■ Problem description
Of all the entries below, retype only the lines from the one with "Telah di Lantiknya" through the one with "Red / Black", exactly as they appear.

■ Supplied records
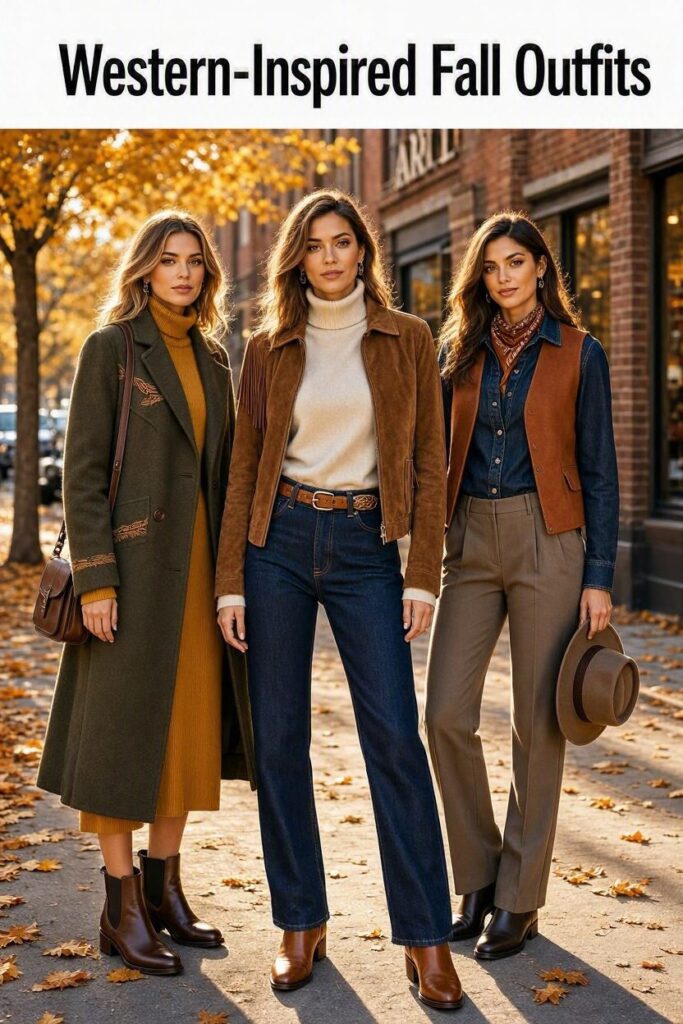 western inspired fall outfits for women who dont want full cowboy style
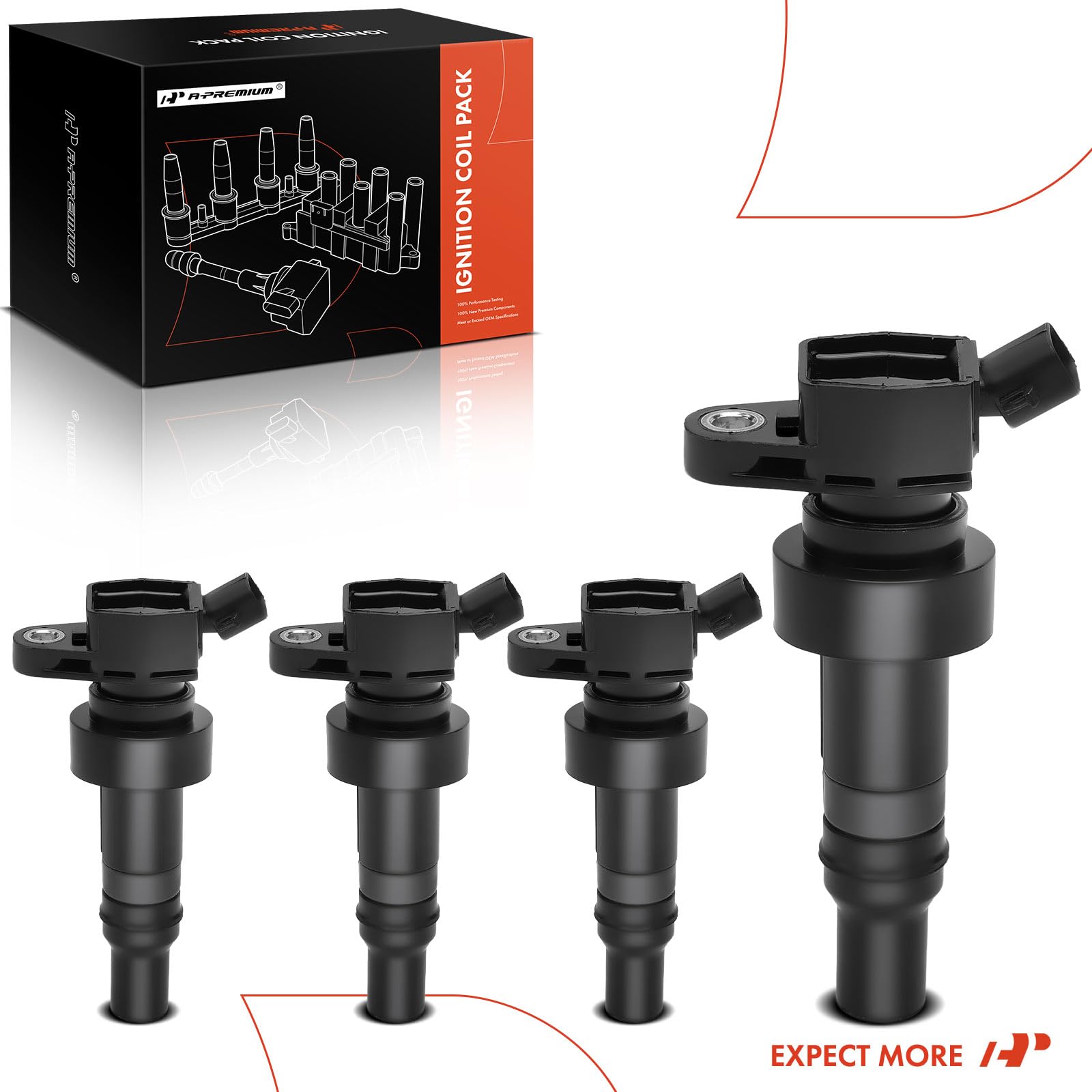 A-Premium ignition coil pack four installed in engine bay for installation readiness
---
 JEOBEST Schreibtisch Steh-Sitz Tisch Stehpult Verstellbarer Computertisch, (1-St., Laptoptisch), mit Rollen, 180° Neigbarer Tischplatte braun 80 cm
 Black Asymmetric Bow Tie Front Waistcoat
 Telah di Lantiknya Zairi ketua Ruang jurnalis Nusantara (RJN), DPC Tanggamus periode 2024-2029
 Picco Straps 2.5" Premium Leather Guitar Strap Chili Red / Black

■ Written reply
 Telah di Lantiknya Zairi ketua Ruang jurnalis Nusantara (RJN), DPC Tanggamus periode 2024-2029
 Picco Straps 2.5" Premium Leather Guitar Strap Chili Red / Black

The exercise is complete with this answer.